Uma outra razão para ter criado a APMSHM foi o facto de ter perdido um dos meus tripulantes no mar. Foi uma situação trágica e, por ter vivido tudo frente-a-frente, fez-me pensar que algo poderia ser feito para evitar mortes nesta profissão.

Considera que o seu trabalho na Associação já deu frutos?

Com toda a certeza que sim. Quando a Associação foi formada, com cerca de vinte sócios, ainda parecia que estávamos muito no início. Actualmente, a APMSHM é a maior de Portugal no sector das pescas. Uma grande vantagem da Associação Pró-Maior é o facto de ser especializada em meios de salvamento.
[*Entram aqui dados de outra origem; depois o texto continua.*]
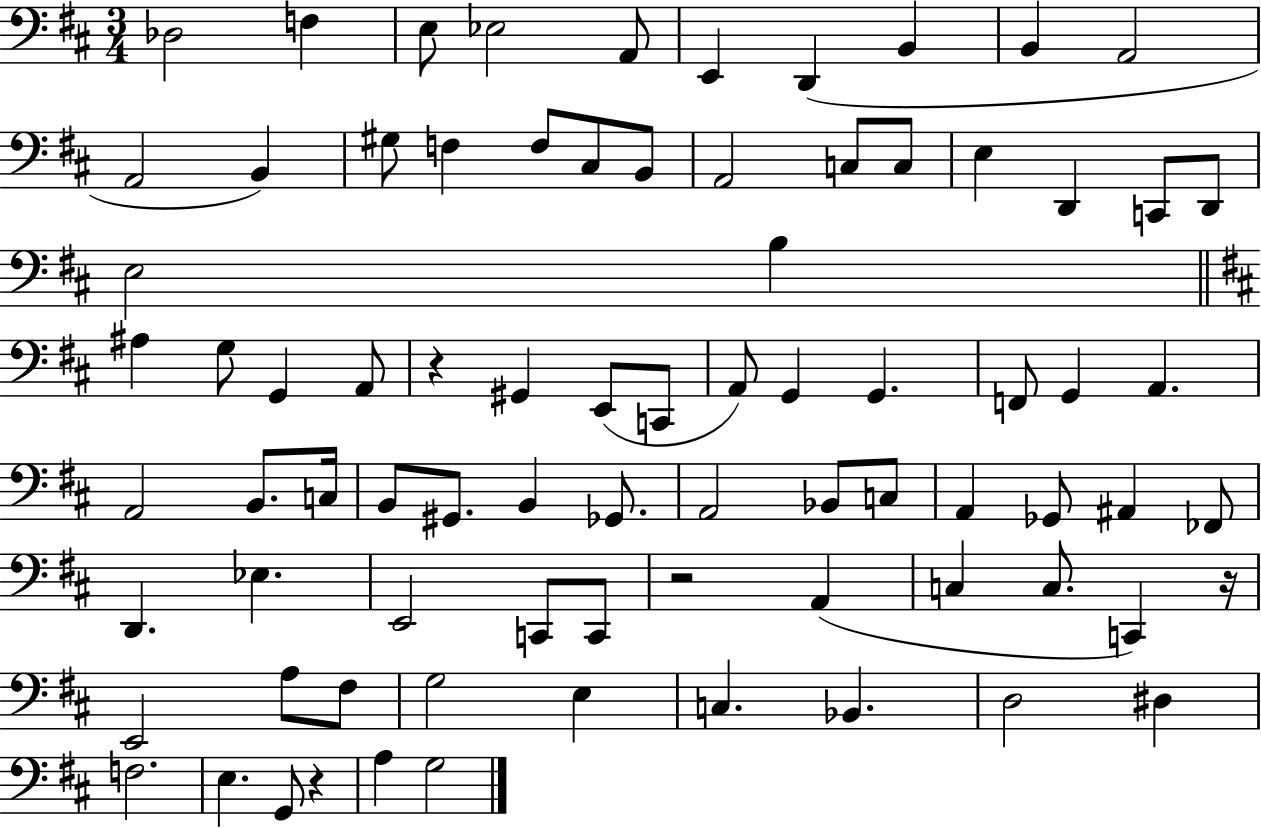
{
  \clef bass
  \numericTimeSignature
  \time 3/4
  \key d \major
  \repeat volta 2 { des2 f4 | e8 ees2 a,8 | e,4 d,4( b,4 | b,4 a,2 | \break a,2 b,4) | gis8 f4 f8 cis8 b,8 | a,2 c8 c8 | e4 d,4 c,8 d,8 | \break e2 b4 | \bar "||" \break \key d \major ais4 g8 g,4 a,8 | r4 gis,4 e,8( c,8 | a,8) g,4 g,4. | f,8 g,4 a,4. | \break a,2 b,8. c16 | b,8 gis,8. b,4 ges,8. | a,2 bes,8 c8 | a,4 ges,8 ais,4 fes,8 | \break d,4. ees4. | e,2 c,8 c,8 | r2 a,4( | c4 c8. c,4) r16 | \break e,2 a8 fis8 | g2 e4 | c4. bes,4. | d2 dis4 | \break f2. | e4. g,8 r4 | a4 g2 | } \bar "|."
} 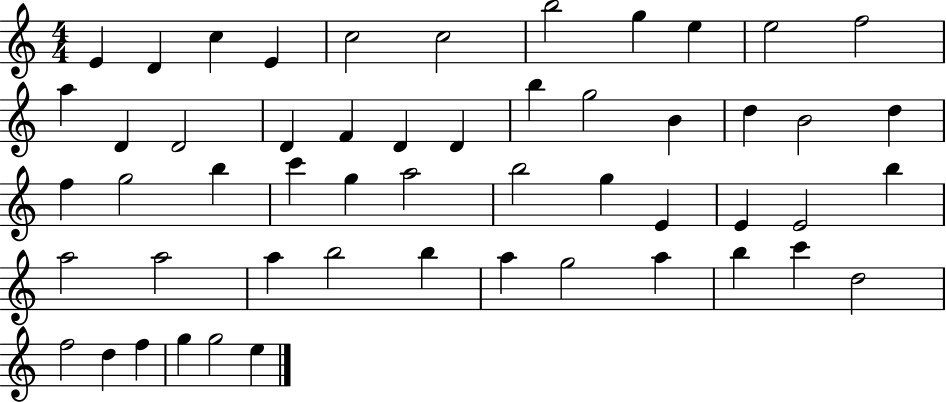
{
  \clef treble
  \numericTimeSignature
  \time 4/4
  \key c \major
  e'4 d'4 c''4 e'4 | c''2 c''2 | b''2 g''4 e''4 | e''2 f''2 | \break a''4 d'4 d'2 | d'4 f'4 d'4 d'4 | b''4 g''2 b'4 | d''4 b'2 d''4 | \break f''4 g''2 b''4 | c'''4 g''4 a''2 | b''2 g''4 e'4 | e'4 e'2 b''4 | \break a''2 a''2 | a''4 b''2 b''4 | a''4 g''2 a''4 | b''4 c'''4 d''2 | \break f''2 d''4 f''4 | g''4 g''2 e''4 | \bar "|."
} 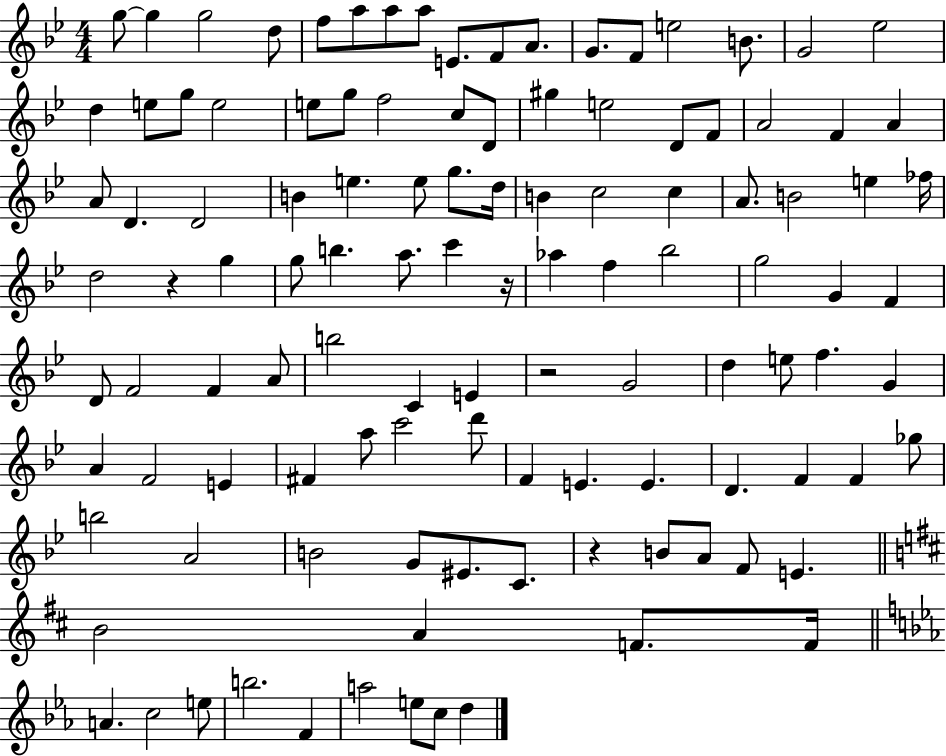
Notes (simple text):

G5/e G5/q G5/h D5/e F5/e A5/e A5/e A5/e E4/e. F4/e A4/e. G4/e. F4/e E5/h B4/e. G4/h Eb5/h D5/q E5/e G5/e E5/h E5/e G5/e F5/h C5/e D4/e G#5/q E5/h D4/e F4/e A4/h F4/q A4/q A4/e D4/q. D4/h B4/q E5/q. E5/e G5/e. D5/s B4/q C5/h C5/q A4/e. B4/h E5/q FES5/s D5/h R/q G5/q G5/e B5/q. A5/e. C6/q R/s Ab5/q F5/q Bb5/h G5/h G4/q F4/q D4/e F4/h F4/q A4/e B5/h C4/q E4/q R/h G4/h D5/q E5/e F5/q. G4/q A4/q F4/h E4/q F#4/q A5/e C6/h D6/e F4/q E4/q. E4/q. D4/q. F4/q F4/q Gb5/e B5/h A4/h B4/h G4/e EIS4/e. C4/e. R/q B4/e A4/e F4/e E4/q. B4/h A4/q F4/e. F4/s A4/q. C5/h E5/e B5/h. F4/q A5/h E5/e C5/e D5/q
Há relativamente pouco tempo estive em Espanha e lá falava-se muito da associação porque defende apenas o seu objectivo principal.

Uma marca conclusiva de sucesso da associação foi a aprovação de um projecto no valor de 8 milhões de Euros e os três simulacros que já fizemos nos anos passados.

Foi a criação da APMSHM que o levou a suspender a sua profissão?

Sim, sem dúvida que foi isso. Antes de criar a Associação já não precisava de ir todos os dias ao mar porque o meu filho já era Mestre de embarcação. Ainda estou na casa dos quarenta, como tal poderia ainda viver muitos mais anos desempenhando a minha profissão, mas já não dava.

Sinto falta de ir, acho que me faria bem ir uma vez por outra. Mas é-me impossível. A Associação leva-me a despender de muito tempo.

Quem o conhece define-o como sendo uma pessoa dinâmica e capaz de abdicar da sua vida pessoal em favor de uma causa em que acredita. A que se deve todo esse esforço?

Fico muito lisonjeado por saber isso, mas a verdade é que quando acredito em algo defendo a minha posição até ao fim. A minha vida pessoal e familiar sofreu imenso com isso. Vivo com os meus telemóveis a tocar a toda a hora. Chego por volta das 9 horas da manhã à Associação e nunca saio de cá antes das 21 horas. Mas, no meio de toda esta azáfama, tenho que agradecer à minha mulher, aos meus filhos e à minha família por me compreenderem e me apoiarem.

Sente saudade de pescar e comandar o seu barco?

Sim, tenho uma enorme saudade de ir ao mar. Eu vivo em Retorta, uma freguesia do interior de Vila do Conde, e saio todos os dias de casa para vir para a APMSHM. Se não vier à Associação tenho que ir até à praia ver, ouvir, tocar e sentir o cheiro do mar. Agora o Mestre do meu barco é o meu filho e eu já não tenho disponibilidade para ir para o mar. Mas gostava de ir um dia destes.

Como defensor dos direitos dos pescadores, quais considera serem as maiores ameaças à pesca portuguesa?

A vida de pescador e a própria profissão tem vivido alguns problemas devido à falta de mão de obra disponível. Aquele bichinho que nasce connosco e nos leva a ter uma enorme paixão pelo mar já não é tão frequente. As pessoas, apesar de até gostarem da vida de pescador, acabam por se acobardar com os perigos a que estão sujeitos. Assim, penso que a principal ameaça à pesca portuguesa é a reduzida mão de obra disponível que pode conduzir a uma diminuição de pescado do nosso país.



1 comentário:

bárbara disse...

Ai ai ai!Pescadores das caxinas??? Estes senhores na imagem são poveiros! Então não se vê logo pela matricula do barco e pelas tradicionais camisolas poveiras que têm vestidas?